One ordinarily would not leave a pile of cash unattended on a table in a public place — it may not be there long. But the advent of electronic banking, plan administration and account information makes it possible for cyber criminals to plunder assets on a virtual picnic table, absent protections. Experts at the recent 2018 SPARK Institute National Conference held in National Harbor, MD addressed online threats to financial assets — virtual, but also very real.

Daniel Lyons, a supervisory special agent at the FBI, is struck by the persistence and creativity with which cyber criminals seek to penetrate systems and obtain illicit funds. “Every day there is a new and different technique that we’ve seen,” he remarked.

The FBI is especially focused on account takeovers from outside, Lyons said. Such efforts often start surreptitiously with seemingly innocuous things, such as “spoofed” emails purporting to be from an employee’s superior, or which impersonate a genuine customer and gradually gains control of an account and initiates unauthorized transactions. Some cyber criminals even pretend to have disabilities in order to penetrate systems and gain access.

Further complicating the effort to combat fraud, reports Lyons, is the use of “money mules” — middlemen who transfer illegally acquired money to fraud perpetrators and who are compensated for doing so, and whom he said make it difficult to determine the identity of a fraudster. “We spend a lot of time with money mules,” he said.

And banks can be difficult about sharing information to help the FBI, Lyons said, noting that they can encounter “a little bit of friction” with banks about getting information. The FBI typically asks them for all basic and customer information, as well as the IP address used by the suspect, with date and time of access.

Callan LLC Senior Vice President Ben Taylor, speaking at a consultants’ forum at the SPARK conference, remarked that, “Fraud is very successful in small amounts.” Further, Taylor said, the shift to smaller “nickel and dime” fraud makes it harder for law enforcement to combat it. “We’re going to have a continuing issue” in these matters, he said.

Importance of PII

Lyons said in his session that personally identifiable information (PII) — such as Social Security numbers, dates of birth, information from public-facing websites, biographies and information gleaned from Facebook — is used to authenticate an account holder’s identity and gain access. Edwards at her session suggested that PII has risen in importance to such a degree that it needs to be handled in a more serious and deliberate fashion. “PII needs to be treated as a plan asset,” she asserted.

Steps to Take

Lyons suggested that obtaining voice recordings can be helpful in identifying and stopping those who perpetrate fraud, noting that call centers often record voices. Identifying IP carriers also can be helpful, and obtaining account holder information. “Gather every single piece of information that you can,” Lyons recommended.

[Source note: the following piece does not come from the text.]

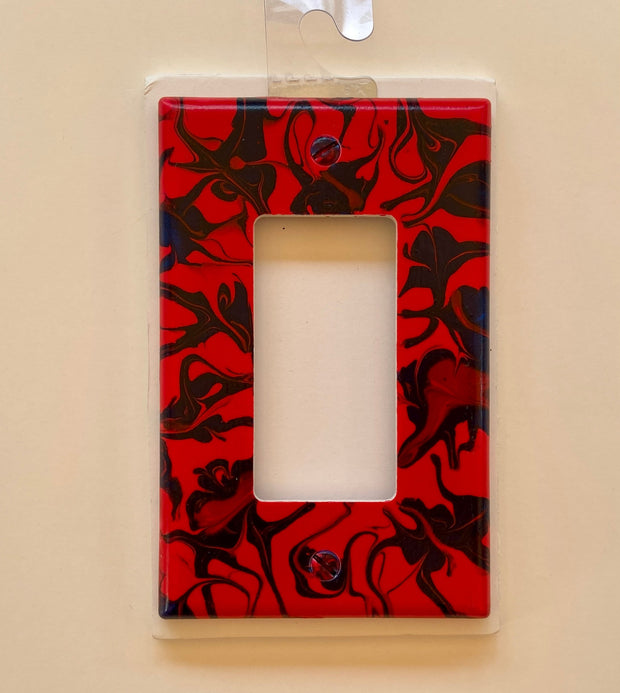 Hand Painted Red and Navy Rocker Light Switch Cover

One prospective step that can be taken, Lyons suggested, is to set up contacts with the FBI in advance. This can entail setting up a meeting with FBI personnel to explain one’s business and situation and letting them know what potential problems may exist. And it may be worthwhile to take that approach with other law enforcement entities as well, such as state and local officials, Lyons suggested. “The FBI is not the only game in town,” he noted.

“The weak spot is the client,” Taylor said at his session, suggesting that information should be provided to clients concerning cyber crime.

Marina Edwards, Senior Director, Retirement at Willis Towers Watson, suggested that companies may need to have fraud policy statements in a fashion similar to the policy statements they compose regarding other issues. Taylor agreed, remarking “I think we may be pushed in that direction.” He added, however, that is it unclear what the fiduciary guidelines may be regarding such a step.